Search code examples
pythonweb-scrapingscrapyscrapy-splash

Iterating through select items on AJAX page with Scrapy and Splash


I am scraping a page, using both Scrapy and Splash. The page contains a dropdown box (technically, a select HTML element). Each time an element is selected in the dropdown box, a new page is loaded using AJAX.

The HTML segment below, is a simplified version of the page I'm processing:

<html>
    <head><title>Title goes here ...</title></head>
    <body>
        <select class="foo">
            <option value=100 data-reactid=1>One</option>
            <option value=200 data-reactid=2>Two</option>
            <!-- ... -->
            <option value=900 data-reactid=9>Nine</option>
        </select>
    </body>
</html>

Snippet of my scrapy/splash code:

# Fetch the options ... now what ?
options = response.css("select[class=foo] option[data-reactid]")

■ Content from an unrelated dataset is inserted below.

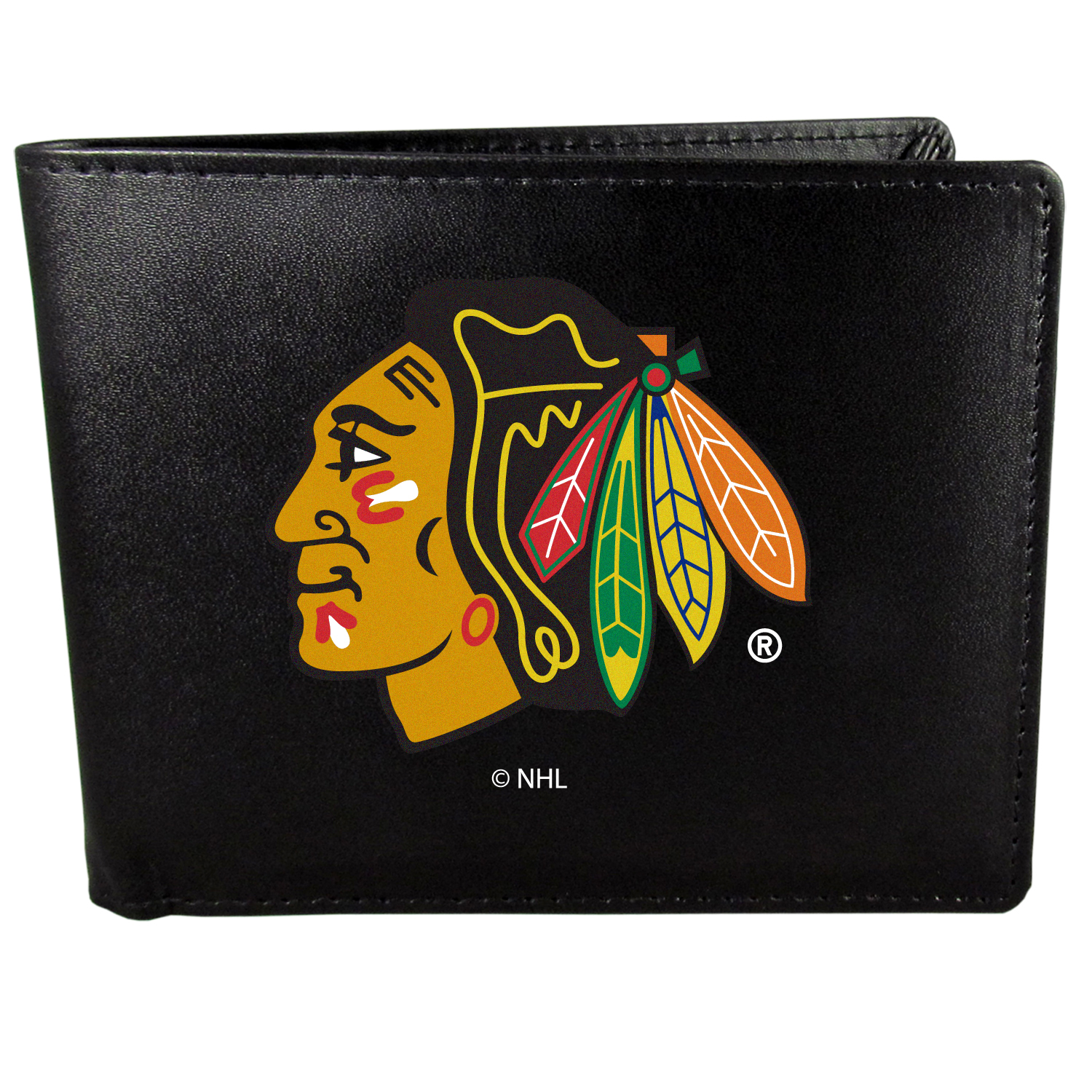 Chicago Blackhawks? Bi-fold Wallet Large Logo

How do I programatically use Splash to 'click' and receive the reloaded AJAX page in my response object?


Solution

  • You might try to use Splash's execute endpoint with LUA script that will fill the select with each option's value and return the result. Something like:

    ...
    script = """
    function main(splash)
        splash.resource_timeout = 10
        splash:go(splash.args.url)
        splash:wait(1)
        splash:runjs('document.getElementsByClassName("foo")[0].value = "' .. splash.args.value .. '"')
        splash:wait(1)
        return {
            html = splash:html(),
        }
    end
    """
    
    # base_url refers to page with the select
    values = response.xpath('//select[@class="foo"]/option/@value').extract()
    for value in values:
        yield scrapy_splash.SplashRequest(
            base_url, self.parse_result, endpoint='execute',
            args={'lua_source': script, 'value': value, 'timeout': 3600})
    

    Of course, this isn't tested, but you might start there and play with it.